Everyone’s hives are at different points, and the answer to the question depends on what you are seeing. The main flow in Edmonton starred July 11, north and west of the City it started in late June. In our area the honey flow is coming to an end. See our video on harvesting honey.

Tips on when to take honey:

Is it nearing the end of the main flow in your area? Are most of the blooms done? If so, it’s time to take the honey. In the summer we get a nectar flow--Canola, alfalfa and sweet clover. For the fall, we are heading into pollen bearing flowers such as borage, golden rod and sunflowers. Check out our auto flow hive and honey comb video.

  • If your frame is 2/3 capped, you can harvest the honey. Why? Because in Alberta honey dehydrates faster than the bees can cap the honey. And, the bees use a lot of honey to cap the honey, so you can take it at this point.
  • Auto flow hive: If you see the honey is capped in the side windows and honey filling the back window, you can start turning your key to open the flow of honey.
  • Tip: Having spills? Don’t worry about it too much. The bees will come and clean it up for you.

How much honey can you take?

This depends on your setup and how you plan to overwinter. 

  • Typically you leave the bottom two boxes for the winter and take honey from the third box and up. 
  • You need to leave enough honey for the bees to overwinter outside. Your hive needs a minimum weight of 140-150 lbs (approximately 2 boxes). This includes all of the material, bees and honey.

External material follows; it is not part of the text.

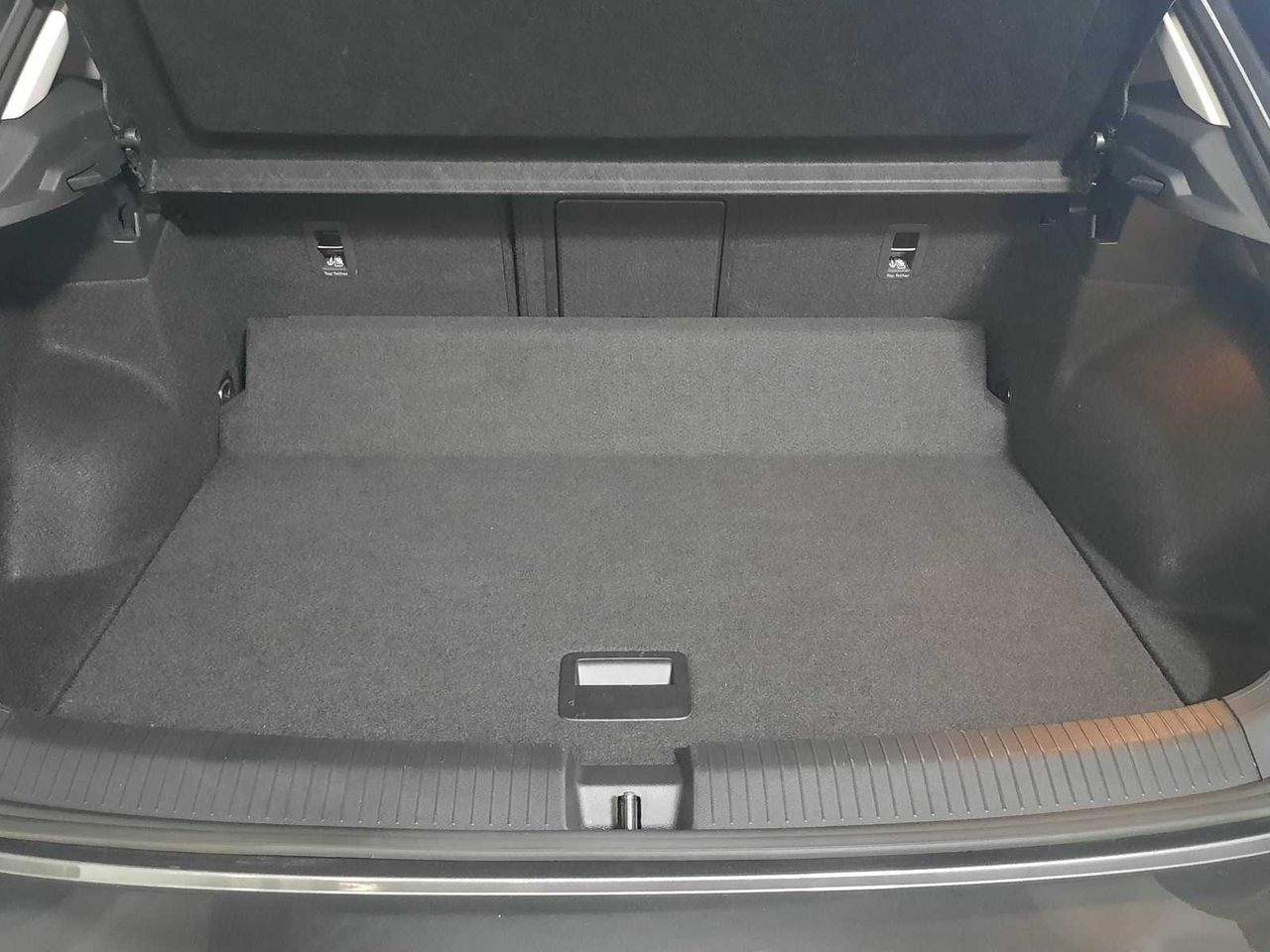 Volkswagen T-Roc Life 1.0 TSI 81kW (110CV)  - Foto 5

The bees need these honey stores to survive the winter months. 
  • Tip: Make sure your queen is in the bottom box and place your excluder on after you take your honey.

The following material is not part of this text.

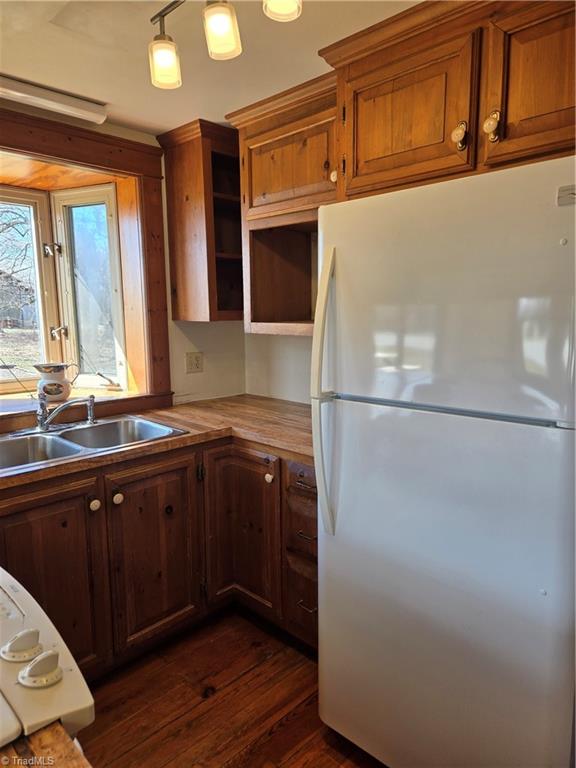 1077 Flat Shoals Road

So we are now quickly coming to fall prep. We did our supers, most of you have already harvested honey, and now it’s prepping for the fall. Make sure your queen is in the bottom box when you are finished with harvesting honey. Now we have to move along and think about things like checking our mite levels and being prepared for fall critters that can wreak havoc on our hives too. See our video with tips on reducing entrances for robbing wasps.  If you have been doing varroa mite checks, good for you! If you haven’t yet, you should plan to check your mite level this fall. Stay tuned for fall prep tips! 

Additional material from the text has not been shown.